When the area was named “Blandair.”
The Chancellor of Maryland from 1824 to 1846, Heodorick Bland, bought the estate in 1844 as a country retreat, while his principal residence was in Annapolis. He was a lawyer and judge recognised for his “untiring drive” and “excellent industry.” Theo Bland coined the term “Blandair,” which is still in use today. He mentioned that he needed to construct a slave section and a granary in his letter.
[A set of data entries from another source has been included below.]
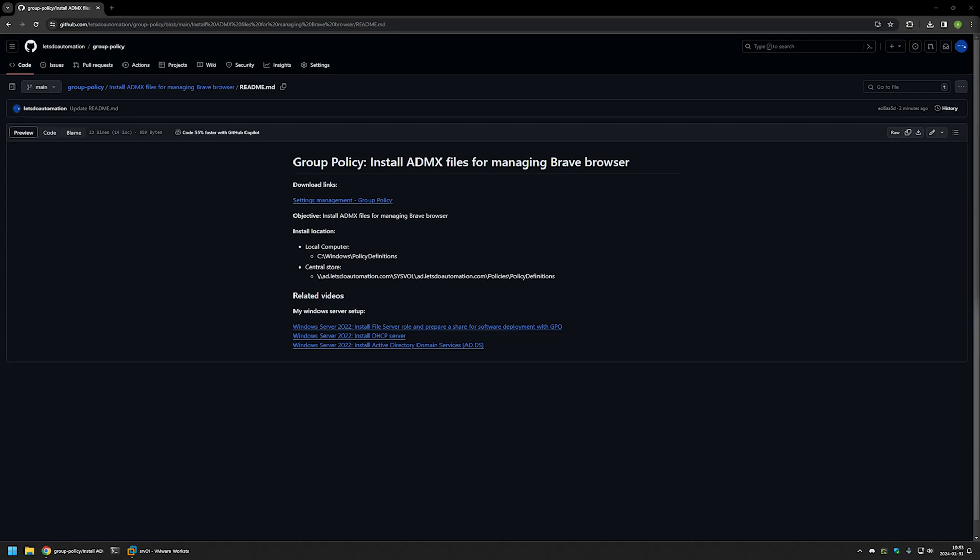In this video I'll be installing Brave Browser ADMX files, which will allow me to configure Brave Browser settings using Group Policy. I'm starting from my GitHub page because there are a few bits of information there that I'll be using for this video, and I'll leave the URL in the description below.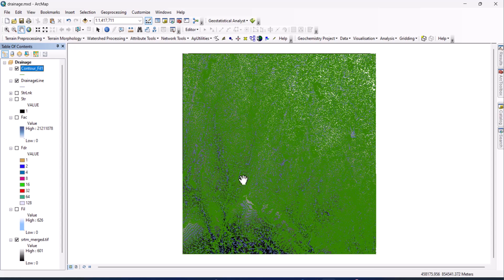So that does it for that. We have our drainage, we have our contour. So we'll go ahead and add those to our geologic map, and that particularly ends this session of the demonstration.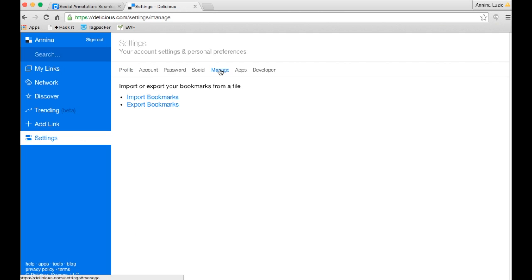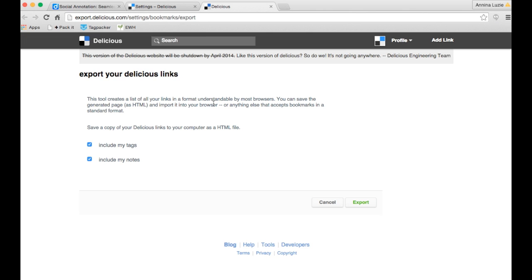From here you'll click on manage and then you can see the option export bookmarks. Once you're on the export page you get the options to include my tags and include my notes.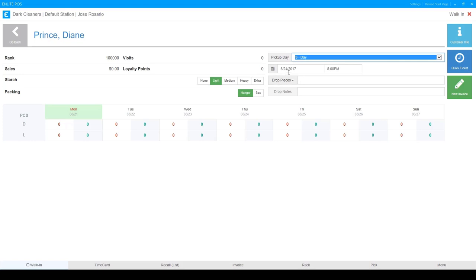So now it's due on 824. Today is 821. So it's added three days to today, just like we did in settings.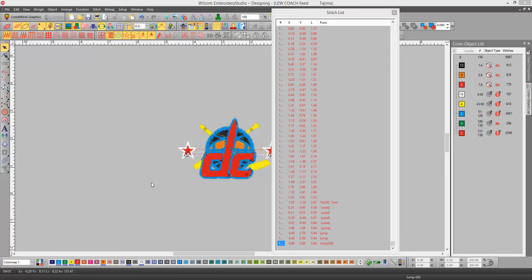You probably have never used that. In version 2, you have to go up to the word View, and down to Stitch List, and it will pop up like this, and you can actually see all the colors.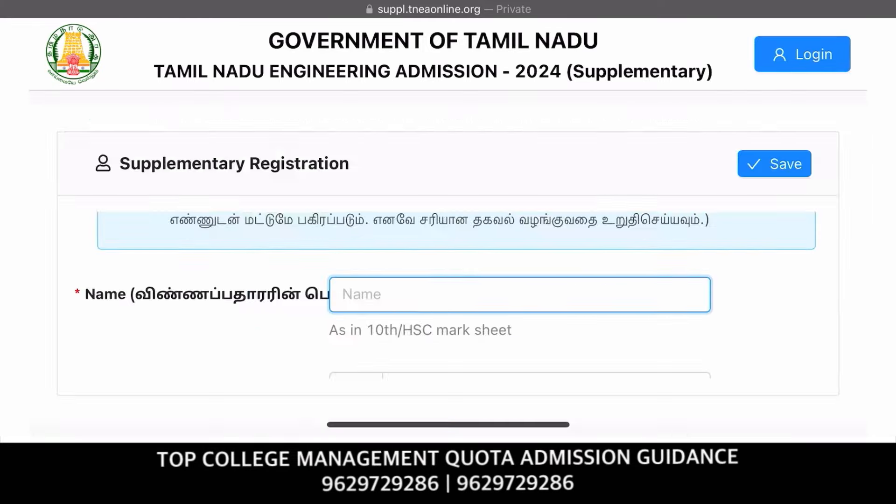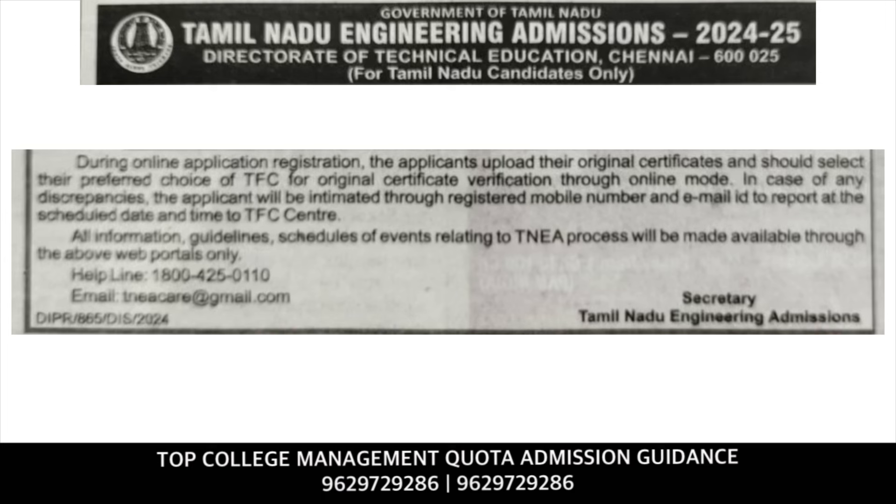In case you have any other application, you can also do the application. If you want to make a correction, you can make an intimation via your email.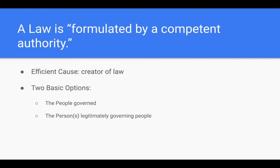Thirdly, a law is formulated by a competent authority. This gets at the efficient cause — meaning where does law come from, who creates law? There are two basic options as formulated by Aquinas: the laws come from either the people governed by the laws, or the persons legitimately governing those people. In our instance, you have a democracy, a republic, in which the people are kind of in charge but we have elected officials. You might look back to the Greeks for a pure democracy where the people govern and create their own laws by popular vote. We have a hybrid between a Roman republic and a Greek democracy. Or you can have something like a monarchy — a complete authoritarian leader who formulates all the laws governing the people.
Both buildings, which date from around 1845, are still standing on the land.
Bland died in 1846, and Blandair was passed down to his daughter, Sarah Bland Mayo, and her husband, Commodore Isaac Mayo, two years later. They also lived in Annapolis, but Blandair remained their country home. Isaac Mayo is listed as the owner of fifteen slaves on the 1850 Federal Slave Schedule for the Howard District of Anne Arundel County, ranging in age from three months to 70 years.
Matilda Neal, an enslaved woman, and her children Rachael, Mary, Emmeline, James, and a baby, Catharine, fled from the Blandair plantation with her husband, Richard Neal, a free man, in the fall of 1849. In 1853, Richard was jailed in Philadelphia for urging slaves to flee, although it is unclear whether Matilda and her children were also apprehended.
When their daughter, Sophia, married a neighbour, Thomas Gaither, in 1857, the Mayos deeded the land, which included eleven slaves, to her for “love, devotion, and one dollar.”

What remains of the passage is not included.